I don’t remember well everything, I had an agitated night, I woke up several times. As it was still night, I made the black sun still above my head, I waited the morning to make it down. Maybe it was an unnecessary violence ? I don’t know if it’s supposed to be progressive but it’s already pretty intense, I give up going back to sleep for tonight.
Day 3 :
For some reasons this night was pretty erotic. I lightly felt like I was having astral sex. Had some kind of visions I don’t remember of, lucid dreams, and again only 3h sleeping. But I felt pretty good during the “exposition”. A bit anxious, but ready to face whatever I’d have to.

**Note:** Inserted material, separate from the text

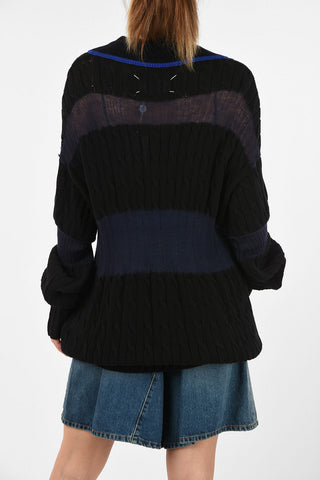 MM1 V-Neck Oversize Cable Knit Sweater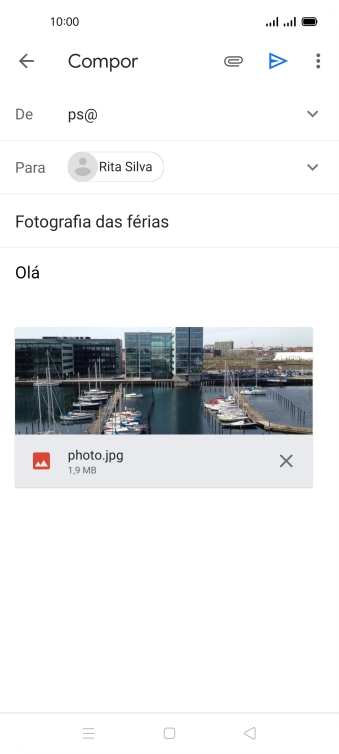 Prima o ícone para enviar quando terminar de escrever o seu e-mail.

So far, I feel like my visualisation is increased, so are my divination skills.
I have to say it fucks up my sleep ^^.
And I think the black sun is gonna make me face my fears. I’m usually pretty much at ease with introspective tools, because I tend to be transparent towards myself, and if I find some unpleasant thing hidden I’m just happy that it’s not hidden anymore. I’m okay to face myself.
But fears… yeah, this is something I like to deal with on my own. I don’t like to be confronted to them without my freewill.
The difficulty is gonna be to not hate and be freaked out by the exercise itself. But I clearly feel something, I didn’t expect that, I feel like I made a pact with some god and let him all rights on my mind for one week in exchange of some increased abilities.